Department of Communication Studies, Long Beach
Afifi, Walid A.
(Department of Communication, Pennsylvania State University)
White, Cindy H.
(Department of Communication, University of Colorado, Boulder)
Buller, David B.
Klein Buendel, Inc., Denver, Colorado
Nonverbal and Verbal Indicators of Truth and Deceit in Interpersonal Interactions
In interpersonal interactions, people must implicitly assess whether
the messages of others are to be trusted. Research on reliable
indicators of deception has (1) been primarily noninteractive, (2)

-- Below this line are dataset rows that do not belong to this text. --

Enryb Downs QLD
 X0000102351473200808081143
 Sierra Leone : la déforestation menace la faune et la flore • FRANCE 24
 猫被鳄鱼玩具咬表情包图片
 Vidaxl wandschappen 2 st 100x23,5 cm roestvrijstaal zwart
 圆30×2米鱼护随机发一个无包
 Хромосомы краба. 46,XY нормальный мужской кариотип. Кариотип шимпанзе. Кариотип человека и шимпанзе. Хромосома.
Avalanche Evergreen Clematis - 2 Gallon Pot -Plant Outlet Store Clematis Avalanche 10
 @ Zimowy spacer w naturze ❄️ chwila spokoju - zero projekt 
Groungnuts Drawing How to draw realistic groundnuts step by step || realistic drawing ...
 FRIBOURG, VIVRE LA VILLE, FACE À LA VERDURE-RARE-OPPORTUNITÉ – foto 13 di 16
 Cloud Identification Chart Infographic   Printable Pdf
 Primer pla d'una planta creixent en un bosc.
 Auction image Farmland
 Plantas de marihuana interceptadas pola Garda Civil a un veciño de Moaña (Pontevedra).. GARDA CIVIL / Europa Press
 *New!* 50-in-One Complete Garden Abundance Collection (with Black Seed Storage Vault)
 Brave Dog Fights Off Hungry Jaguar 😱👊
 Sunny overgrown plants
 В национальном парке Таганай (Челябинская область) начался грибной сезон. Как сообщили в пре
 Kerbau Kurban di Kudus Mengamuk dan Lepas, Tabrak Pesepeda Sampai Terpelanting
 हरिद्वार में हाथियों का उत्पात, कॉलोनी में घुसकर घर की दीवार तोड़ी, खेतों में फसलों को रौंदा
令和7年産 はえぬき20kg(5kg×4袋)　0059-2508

looked at verbal or nonverbal cues independently, (3) not considered
temporal changes, and (4) not considered how deceivers adapt
their displays in response to interlocutor actions. In the experiment
to be reported, participants conduct interviews during which interviewees
alternate between giving deceptive and truthful responses
across 12 questions. Numerous kinesic and proxemic gestures are
coded by trained raters, verbal indicators are machine coded, and
temporal and adaptation patterns are analyzed. Results show differences
within and between interviewees in nonverbal immediacy,
number of illustrator and adaptor gestures, nonverbal and verbal
involvement, and adherence to Gricean principles for cooperative
discourse. Convergence between deceptive and truthful patterns over
time reveals how communicators parlay initial interaction diffi culties
into successful performances through integration of nonverbal and
verbal actions. Reciprocal versus compensatory responses to interviewer
involvement patterns also reveal responsivity to the interlocutor.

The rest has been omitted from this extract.